-------- Recorded data --------

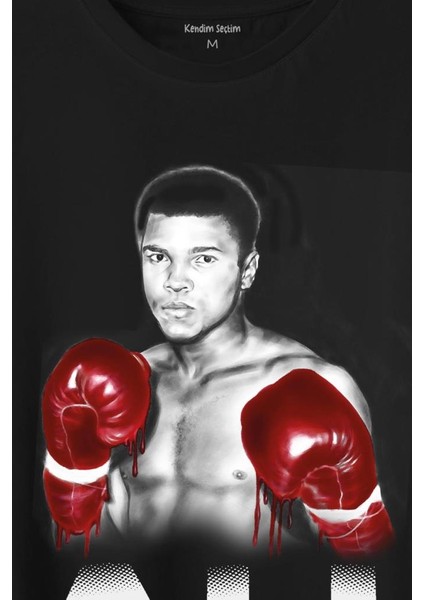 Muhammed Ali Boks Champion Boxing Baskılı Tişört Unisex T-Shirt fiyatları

--------
-------- Recorded data --------

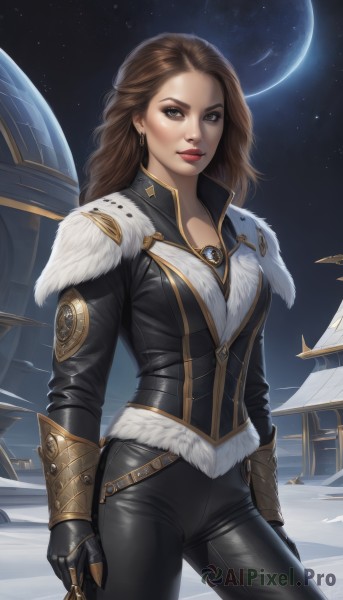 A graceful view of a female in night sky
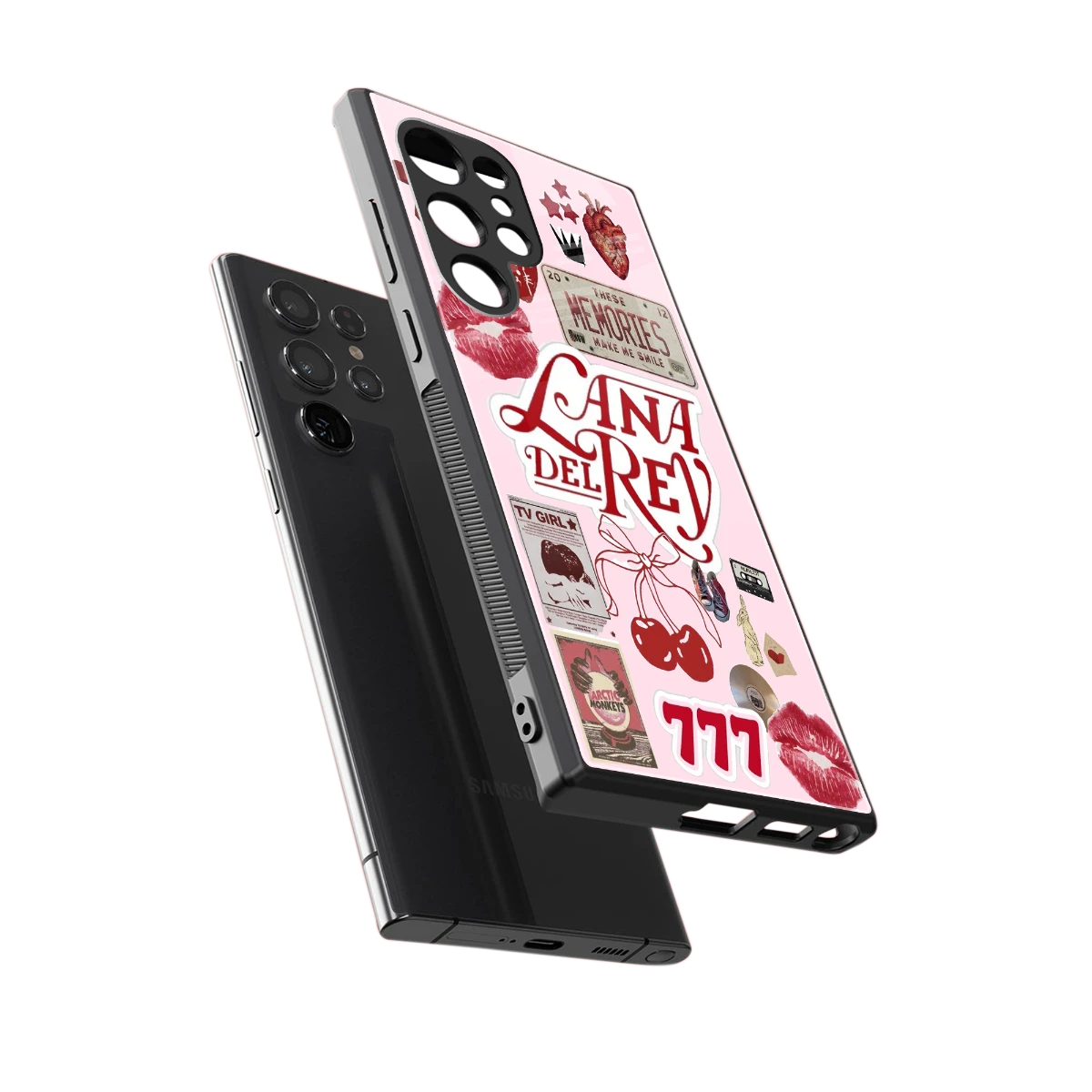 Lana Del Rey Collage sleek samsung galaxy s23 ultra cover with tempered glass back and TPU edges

--------

The reply should hold the entries above from the line with "A graceful view of a female in night sky" to the line with "Lana Del Rey", duplicated exactly, pictures excluded.

■ Written response
 A graceful view of a female in night sky
 Lana Del Rey Collage sleek samsung galaxy s23 ultra cover with tempered glass back and TPU edges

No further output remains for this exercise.